Nach dem Amoklauf von München hat die Grünen-Politikerin Irene Mihalic im DLF klargestellt, dass sie wenig davon hält, die Bundeswehr einzubeziehen. Die Polizei habe hervorragende Arbeit geleistet, auch in der Öffentlichkeitsarbeit.

Irene Mihalic im Gespräch mit Sarah Zerback | 23.07.2016
    Sie sehen die Grünen-Politikerin Irene Mihalic
    Die Grünen-Politikerin Mihalic hält nicht viel davon, nach dem Amoklauf in München nun nach der Bundeswehr zu rufen. (dpa / picture alliance / Maurizio Gambarini)

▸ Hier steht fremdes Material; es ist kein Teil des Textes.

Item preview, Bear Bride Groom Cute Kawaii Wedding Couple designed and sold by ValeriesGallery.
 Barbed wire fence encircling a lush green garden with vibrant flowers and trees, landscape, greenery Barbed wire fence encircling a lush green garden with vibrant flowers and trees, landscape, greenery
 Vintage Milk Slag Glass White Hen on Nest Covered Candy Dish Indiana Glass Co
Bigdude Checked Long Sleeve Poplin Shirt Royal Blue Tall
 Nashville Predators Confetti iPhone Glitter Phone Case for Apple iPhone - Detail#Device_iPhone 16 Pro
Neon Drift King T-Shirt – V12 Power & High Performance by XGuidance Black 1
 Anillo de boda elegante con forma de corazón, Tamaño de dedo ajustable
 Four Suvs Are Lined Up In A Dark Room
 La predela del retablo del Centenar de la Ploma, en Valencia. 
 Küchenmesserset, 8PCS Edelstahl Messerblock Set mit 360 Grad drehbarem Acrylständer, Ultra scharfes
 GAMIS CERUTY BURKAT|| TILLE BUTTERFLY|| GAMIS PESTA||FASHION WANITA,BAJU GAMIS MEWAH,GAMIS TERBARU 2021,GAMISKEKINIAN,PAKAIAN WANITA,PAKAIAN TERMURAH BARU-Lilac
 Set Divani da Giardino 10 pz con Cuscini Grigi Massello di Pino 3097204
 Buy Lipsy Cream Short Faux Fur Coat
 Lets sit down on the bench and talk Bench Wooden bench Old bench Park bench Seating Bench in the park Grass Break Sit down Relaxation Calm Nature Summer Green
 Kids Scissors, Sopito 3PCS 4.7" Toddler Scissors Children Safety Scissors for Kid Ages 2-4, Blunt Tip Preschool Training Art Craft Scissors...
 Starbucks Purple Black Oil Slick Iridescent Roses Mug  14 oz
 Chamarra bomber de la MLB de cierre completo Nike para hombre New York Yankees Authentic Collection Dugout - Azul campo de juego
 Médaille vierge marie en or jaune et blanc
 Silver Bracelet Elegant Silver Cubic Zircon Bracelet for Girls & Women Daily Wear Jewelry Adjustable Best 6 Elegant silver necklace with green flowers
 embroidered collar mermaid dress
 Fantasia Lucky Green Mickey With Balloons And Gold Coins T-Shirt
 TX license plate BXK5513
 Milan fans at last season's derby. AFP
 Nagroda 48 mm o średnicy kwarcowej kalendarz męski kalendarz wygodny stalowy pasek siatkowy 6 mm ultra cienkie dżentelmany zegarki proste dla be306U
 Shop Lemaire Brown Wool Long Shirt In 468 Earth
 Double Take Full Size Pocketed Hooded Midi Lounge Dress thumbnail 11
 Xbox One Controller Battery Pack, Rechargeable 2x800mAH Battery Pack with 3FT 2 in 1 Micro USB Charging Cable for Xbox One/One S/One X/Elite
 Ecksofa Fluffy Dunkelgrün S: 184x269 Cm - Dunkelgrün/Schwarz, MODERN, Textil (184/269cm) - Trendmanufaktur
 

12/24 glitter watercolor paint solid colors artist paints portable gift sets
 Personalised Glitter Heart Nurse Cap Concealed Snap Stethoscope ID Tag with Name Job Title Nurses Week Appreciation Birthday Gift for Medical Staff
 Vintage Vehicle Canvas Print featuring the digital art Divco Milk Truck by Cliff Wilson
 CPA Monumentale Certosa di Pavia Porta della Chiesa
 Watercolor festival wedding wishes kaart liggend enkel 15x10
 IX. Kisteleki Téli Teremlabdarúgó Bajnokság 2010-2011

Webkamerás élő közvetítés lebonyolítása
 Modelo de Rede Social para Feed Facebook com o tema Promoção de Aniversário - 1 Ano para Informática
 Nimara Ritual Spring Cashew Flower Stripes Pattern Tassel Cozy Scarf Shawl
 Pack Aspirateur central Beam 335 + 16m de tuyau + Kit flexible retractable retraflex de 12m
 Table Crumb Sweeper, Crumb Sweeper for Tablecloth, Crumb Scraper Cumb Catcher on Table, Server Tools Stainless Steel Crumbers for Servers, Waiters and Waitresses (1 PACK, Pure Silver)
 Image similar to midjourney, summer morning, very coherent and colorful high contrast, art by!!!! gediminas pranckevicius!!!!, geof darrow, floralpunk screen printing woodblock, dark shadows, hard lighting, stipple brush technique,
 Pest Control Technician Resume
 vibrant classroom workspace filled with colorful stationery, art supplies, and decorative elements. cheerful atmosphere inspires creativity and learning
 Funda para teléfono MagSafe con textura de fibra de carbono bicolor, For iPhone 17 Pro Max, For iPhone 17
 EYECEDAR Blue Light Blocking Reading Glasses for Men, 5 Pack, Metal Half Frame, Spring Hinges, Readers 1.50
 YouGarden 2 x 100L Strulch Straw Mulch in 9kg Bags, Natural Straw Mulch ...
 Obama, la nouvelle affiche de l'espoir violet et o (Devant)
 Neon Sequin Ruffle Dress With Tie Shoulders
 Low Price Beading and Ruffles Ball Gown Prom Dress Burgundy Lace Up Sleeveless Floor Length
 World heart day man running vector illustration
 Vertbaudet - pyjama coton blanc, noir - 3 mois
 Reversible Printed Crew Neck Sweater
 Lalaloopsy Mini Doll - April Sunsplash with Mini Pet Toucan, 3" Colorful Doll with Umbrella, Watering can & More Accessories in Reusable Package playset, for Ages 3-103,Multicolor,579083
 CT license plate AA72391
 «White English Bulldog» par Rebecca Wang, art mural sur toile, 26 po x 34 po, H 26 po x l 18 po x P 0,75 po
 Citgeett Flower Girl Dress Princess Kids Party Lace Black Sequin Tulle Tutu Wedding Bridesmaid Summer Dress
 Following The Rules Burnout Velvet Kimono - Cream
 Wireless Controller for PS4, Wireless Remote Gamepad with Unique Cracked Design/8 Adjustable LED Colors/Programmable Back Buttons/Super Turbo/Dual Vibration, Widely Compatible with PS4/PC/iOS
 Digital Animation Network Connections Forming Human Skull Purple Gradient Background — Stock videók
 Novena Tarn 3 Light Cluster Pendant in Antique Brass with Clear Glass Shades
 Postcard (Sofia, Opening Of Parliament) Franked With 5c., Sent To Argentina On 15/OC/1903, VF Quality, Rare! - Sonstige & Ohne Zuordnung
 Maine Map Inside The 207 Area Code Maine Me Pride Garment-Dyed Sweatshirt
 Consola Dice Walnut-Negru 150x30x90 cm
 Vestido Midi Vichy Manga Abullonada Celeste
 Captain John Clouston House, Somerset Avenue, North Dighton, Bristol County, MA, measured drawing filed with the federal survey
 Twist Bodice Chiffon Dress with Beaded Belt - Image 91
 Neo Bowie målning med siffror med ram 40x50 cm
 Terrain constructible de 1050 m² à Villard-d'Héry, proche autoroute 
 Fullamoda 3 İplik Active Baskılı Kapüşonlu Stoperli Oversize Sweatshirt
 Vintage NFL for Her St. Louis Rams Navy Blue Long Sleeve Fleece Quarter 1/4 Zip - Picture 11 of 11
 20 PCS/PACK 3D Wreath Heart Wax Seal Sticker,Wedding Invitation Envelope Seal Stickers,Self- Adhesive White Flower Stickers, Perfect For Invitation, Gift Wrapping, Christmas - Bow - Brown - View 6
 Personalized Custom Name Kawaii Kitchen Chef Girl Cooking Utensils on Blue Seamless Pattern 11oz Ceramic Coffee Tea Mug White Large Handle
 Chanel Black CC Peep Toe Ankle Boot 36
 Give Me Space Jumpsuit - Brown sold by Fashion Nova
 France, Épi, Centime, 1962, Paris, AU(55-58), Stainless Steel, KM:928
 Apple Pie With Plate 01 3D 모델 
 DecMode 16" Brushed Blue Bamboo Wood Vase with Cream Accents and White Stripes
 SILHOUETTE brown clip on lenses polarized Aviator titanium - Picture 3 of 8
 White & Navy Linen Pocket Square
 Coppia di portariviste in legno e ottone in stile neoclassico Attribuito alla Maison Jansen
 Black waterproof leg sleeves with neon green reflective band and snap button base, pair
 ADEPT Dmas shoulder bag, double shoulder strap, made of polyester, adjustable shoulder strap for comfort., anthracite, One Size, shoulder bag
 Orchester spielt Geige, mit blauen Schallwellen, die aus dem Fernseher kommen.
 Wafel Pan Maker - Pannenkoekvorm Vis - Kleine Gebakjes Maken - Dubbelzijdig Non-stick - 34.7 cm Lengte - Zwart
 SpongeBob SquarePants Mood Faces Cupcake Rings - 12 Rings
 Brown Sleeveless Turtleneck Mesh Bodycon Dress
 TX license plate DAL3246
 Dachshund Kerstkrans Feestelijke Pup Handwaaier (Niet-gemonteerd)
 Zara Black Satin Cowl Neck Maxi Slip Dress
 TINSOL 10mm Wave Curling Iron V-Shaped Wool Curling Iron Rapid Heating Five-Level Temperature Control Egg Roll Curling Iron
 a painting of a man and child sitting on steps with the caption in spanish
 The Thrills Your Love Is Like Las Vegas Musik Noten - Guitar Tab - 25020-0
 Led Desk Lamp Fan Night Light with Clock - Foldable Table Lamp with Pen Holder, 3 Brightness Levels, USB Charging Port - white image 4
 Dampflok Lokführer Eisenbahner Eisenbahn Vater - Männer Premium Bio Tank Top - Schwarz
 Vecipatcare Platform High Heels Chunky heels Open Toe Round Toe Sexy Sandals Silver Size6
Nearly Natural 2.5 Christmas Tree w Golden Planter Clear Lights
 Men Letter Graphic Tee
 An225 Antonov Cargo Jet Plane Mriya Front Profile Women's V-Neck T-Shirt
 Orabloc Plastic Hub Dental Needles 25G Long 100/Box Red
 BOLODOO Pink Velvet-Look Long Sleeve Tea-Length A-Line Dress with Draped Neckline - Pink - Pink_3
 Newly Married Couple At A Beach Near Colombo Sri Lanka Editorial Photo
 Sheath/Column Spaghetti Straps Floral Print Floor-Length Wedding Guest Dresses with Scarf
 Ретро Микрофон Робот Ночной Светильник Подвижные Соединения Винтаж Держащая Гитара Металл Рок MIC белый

    Mihalic ist innenpolitische Sprecherin der Grünen-Fraktion im Deutschen Bundestag. Sie betonte, mit Forderungen nach einem Bundeswehr-Einsatz im Inneren müsse man sich jetzt zurückhalten. "Wenn man sich anschaut, mit was für einem hohen Engagement und mit welch guter Koordination der Polizeieinsatz abgelaufen ist, dann weiß ich nicht, was die Bundeswehr anders oder besser hätte machen können."
    Als problematisch bezeichnete sie dagegen die Rolle der sozialen Medien während der Gefahrensituation. Es seien Gerüchte gestreut und verbreitet worden, etwa über mehrere Täter und Tatorte. Auch habe man bei manchen Bildern nicht wissen können, ob sie echt oder gefälscht seien - und wie man sie bewerten müsse. Hervorragend sei dagegen die Öffentlichkeitsarbeit der Polizei gewesen: sachgerecht und unaufgeregt zugleich.

    Das Interview in voller Läge:
    Sarah Zerback: Am Telefon ist jetzt Irene Mihalic. Sie sitzt für die Grünen im Bundestag, ist deren innenpolitische Sprecherin, und sie war selbst 20 Jahre lang im Polizeidienst tätig. Frau Mihalic, das ist nach Würzburg nun der zweite Vorfall innerhalb weniger Tage – was kann die Politik denn in dieser Situation leisten, also um so was wie Vertrauen und auch ein Gefühl von Sicherheit wiederherzustellen?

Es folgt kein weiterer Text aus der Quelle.